Date: Saturday, June 1, 2019
Session Time: 5:30pm-7:30pm
Presentation Time: 5:30pm-7:30pm
Location: Hall C & D
*Purpose: This study describes our experience with early conversion to belatacept therapy in a diverse patient population including patients with donor specific antibodies (DSA). The aim was to identify risk factors for sub-optimal outcomes at one year following conversion to belatacept, which was defined as a composite of graft loss, biopsy proven acute rejection, de novo DSA formation, unexplained new proteinuria > 1 g per day, or a decrease in eGFR of 25% or more.
*Methods: This was a single-center, retrospective cohort review of adult kidney transplant recipients converted from a calcineurin inhibitor (CNI) to belatacept between January 2011 and October 2017. Patients were included if they were switched to belatacept within the first year following transplantation due to slow graft function or clinical CNI intolerance in the absence of histological evidence of CNI toxicity.
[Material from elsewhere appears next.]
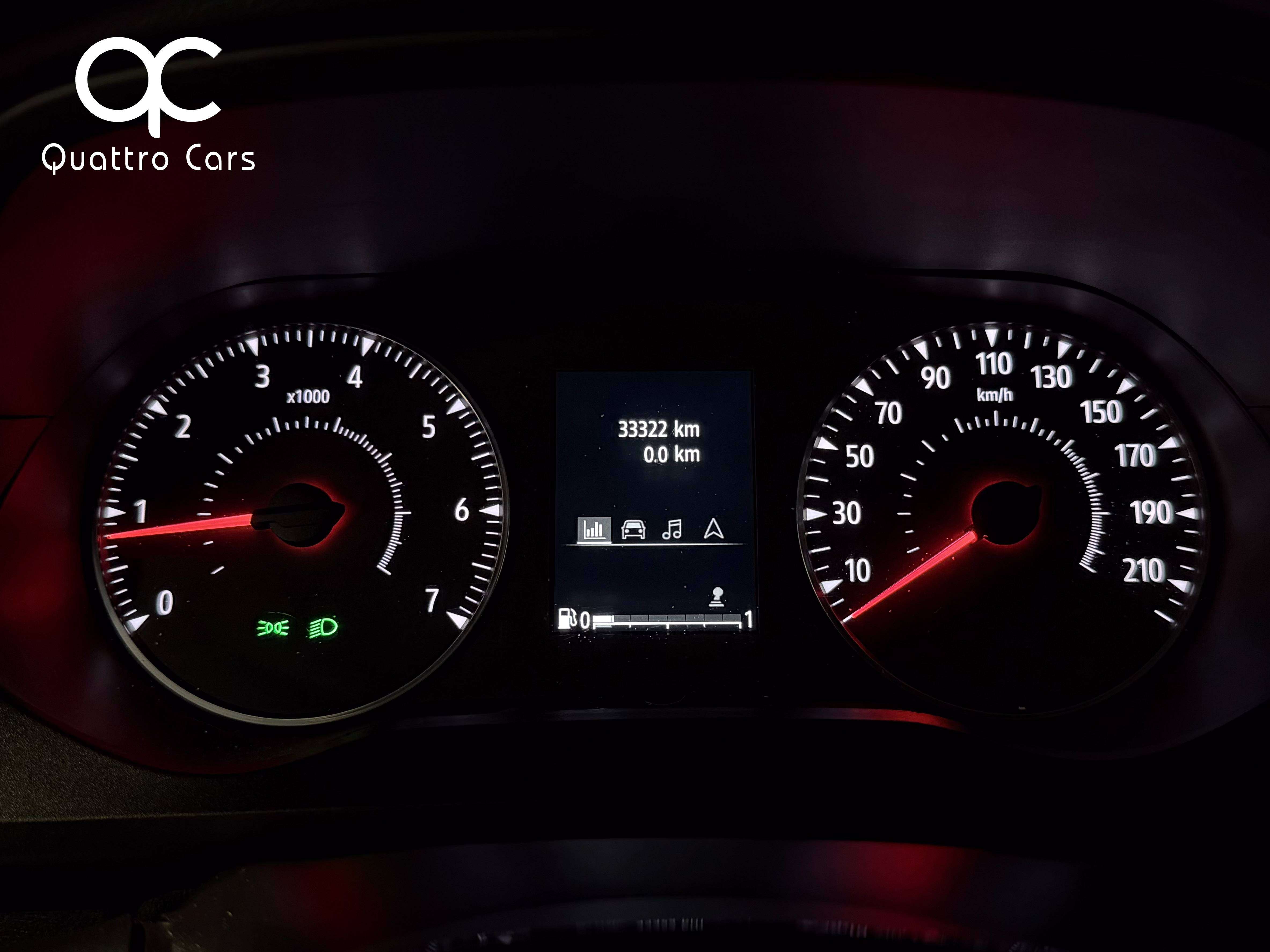 Renault Kangoo 1.3 TCe / 1e Main / Gps / Car play / Bluetooth / Clim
Patients were excluded if enrolled in previously published trials, did not receive at least 3 months of belatacept, or had HIV. Logistic regression was performed to identify clinical variables associated with the primary composite outcome.
*Results: A total of 32 patients with diverse ethnic backgrounds were studied. The cohort was predominantly male (81.3%) with a mean age of 54.4 ± 13.8 years and weight of 77.7 ± 17.8 kg. All patients had negative crossmatches at the time of transplantation; however, 9 (28.1%) patients had DSA levels > 1,000 MFI. Thymoglobulin induction was utilized for all patients with tacrolimus based immunosuppression. After a median of 75.5 days (6-364), patients were converted from tacrolimus to belatacept either by a rapid conversion protocol if < 4 months post-transplant or a gradual taper if ≥ 4 months. At one year post-conversion, patient survival was 96.9% and graft survival was 93.8%. At study conclusion, after a median follow-up of 2.7 years, graft survival remained high at 90.6%. Three (9.4%) episodes of rejection occurred within the first year post-conversion, but only one patient was converted back to a CNI due to concern for ongoing rejection. Among patients with a functioning graft at one year, serum creatinine levels decreased from a baseline of 2.3 ± 1.1 mg/dL to 1.6 ± 0.7 mg/dL. Of the 9 patients with pre-existing DSA, 4 patients cleared their DSA while 3 patients maintained stable DSA and 2 patients developed new DSA. Three additional patients without pre-existing DSA developed de novo DSA post-conversion, all 3 of whom had rejection. After logistic regression, patient weight was the only clinical variable found to be associated with the composite outcome.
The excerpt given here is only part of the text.